Max Boy
Max Boy

Reputation: 327

ColdFusion Query too slow

I have queries inside a cfloop that makes the process very slow. Is there a way to make this query faster?

<cfquery name="GetCheckRegister" datasource="myDB">
    SELECT * FROM CheckRegister, ExpenseType 
    Where PropertyID=10
    and ExpenseType.ExpenseTypeID=CheckRegister.ExpenseTypeID 
</cfquery>

<CFOUTPUT query=GetCheckRegister>
    <cfquery name="GetVendorName" datasource="myDB"> SELECT * FROM Vendors WHERE VendorID=#VendorID#</cfquery>
    <!--- I use the vendor name here --->

    <cfset local.CreditDate = "" />
  <cfquery name="getTenantTransactionDateFrom" dataSource="myDB">
    Select TenantTransactionDate as fromDate From TenantTransactions
    Where CheckRegisterID = #CheckRegisterID#
    Order By TenantTransactionDate Limit 1
  </cfquery>
  <cfquery name="getTenantTransactionDateTo" dataSource="myDB">
    Select TenantTransactionDate as ToDate From TenantTransactions
    Where CheckRegisterID = #CheckRegisterID#
    Order By TenantTransactionDate desc Limit 1
  </cfquery>
  <cfif getTenantTransactionDateFrom.fromDate neq "" AND getTenantTransactionDateTo.ToDate neq "">
    <cfif getTenantTransactionDateFrom.fromDate eq getTenantTransactionDateTo.ToDate>
      <cfset local.CreditDate = DateFormat(getTenantTransactionDateFrom.fromDate, 'mm/dd/yyyy') />
    <cfelse>
      <cfset local.CreditDate = DateFormat(getTenantTransactionDateFrom.fromDate, 'mm/dd/yyyy') & " - " & DateFormat(getTenantTransactionDateTo.ToDate, 'mm/dd/yyyy') />
    </cfif>
  </cfif>

  <!--- I use the local.CreditDate here  --->

  <!--- Here goes a table with the data --->
</CFOUTPUT>

cfoutput works like a loop.

Upvotes: 3

Views: 947

Answers (5)

Shawn
Shawn

Reputation: 4786

You should get all of your data in one query, then work with that data to output what you want.

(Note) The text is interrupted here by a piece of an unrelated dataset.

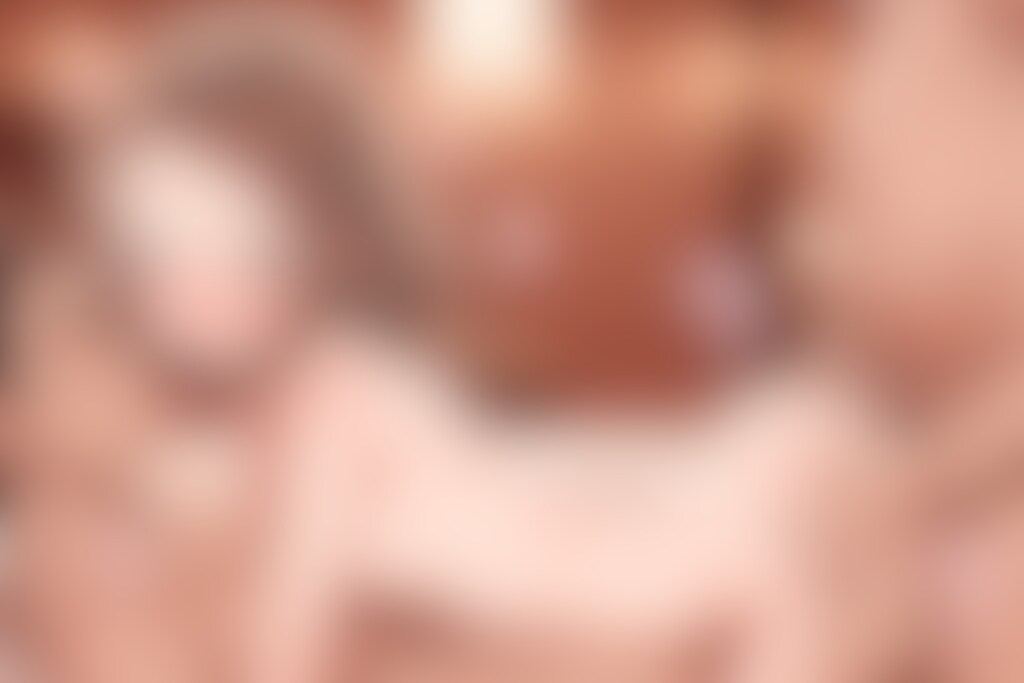 ソバージュちゃんを前後から…💞✨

Multiple connections to a database almost always be more resource-intensive than getting the data in one trip and working with it. To get your results:

SQL Fiddle

Initial Schema Setup:

CREATE TABLE CheckRegister ( checkRegisterID int, PropertyID int, VendorID int, ExpenseTypeID int ) ;
CREATE TABLE ExpenseType ( ExpenseTypeID int ) ;
CREATE TABLE Vendors ( VendorID int ) ;
CREATE TABLE TenantTransactions ( checkRegisterID int, TenantTransactionDate date, note varchar(20) );

INSERT INTO CheckRegister ( checkRegisterID, PropertyID, VendorID, ExpenseTypeID )
VALUES (1,10,1,1),(1,10,1,1),(1,10,2,1),(1,10,1,2),(1,5,1,1),(2,10,1,1),(2,5,1,1) 
;

INSERT INTO ExpenseType ( ExpenseTypeID ) VALUES (1), (2) ;
INSERT INTO Vendors ( VendorID ) VALUES (1), (2) ;

INSERT INTO TenantTransactions ( checkRegisterID, TenantTransactionDate, note )
VALUES 
    (1,'2018-01-01','start')
  , (1,'2018-01-02','another')
  , (1,'2018-01-03','another')
  , (1,'2018-01-04','stop')
  , (2,'2017-01-01','start')
  , (2,'2017-01-02','another')
  , (2,'2017-01-03','another')
  , (2,'2017-01-04','stop')
 ;

Main Query:

SELECT cr.*
  , max(tt.TenantTransactionDate) AS startDate
  , min(tt.TenantTransactionDate) AS endDate
FROM CheckRegister cr 
INNER JOIN ExpenseType et ON cr.ExpenseTypeID = et.ExpenseTypeID
INNER JOIN Vendors v ON cr.vendorID = v.VendorID 
LEFT OUTER JOIN TenantTransactions tt ON cr.checkRegisterID = tt.CheckRegisterID
WHERE cr.PropertyID = 10
GROUP BY cr.CheckRegisterID, cr.PropertyID, cr.VendorID, cr.ExpenseTypeID

Results:

| checkRegisterID | PropertyID | VendorID | ExpenseTypeID |  startDate |    endDate |
|-----------------|------------|----------|---------------|------------|------------|
|               1 |         10 |        1 |             1 | 2018-01-04 | 2018-01-01 |
|               1 |         10 |        1 |             2 | 2018-01-04 | 2018-01-01 |
|               1 |         10 |        2 |             1 | 2018-01-04 | 2018-01-01 |
|               2 |         10 |        1 |             1 | 2017-01-04 | 2017-01-01 |

I only added 2 check registers, but CheckRegisterID 1 has 2 vendors and 2 Expense Types for Vendor 1. This will look like repeated data in your query. If your data isn't set up that way, you won't have to worry about it in the final query.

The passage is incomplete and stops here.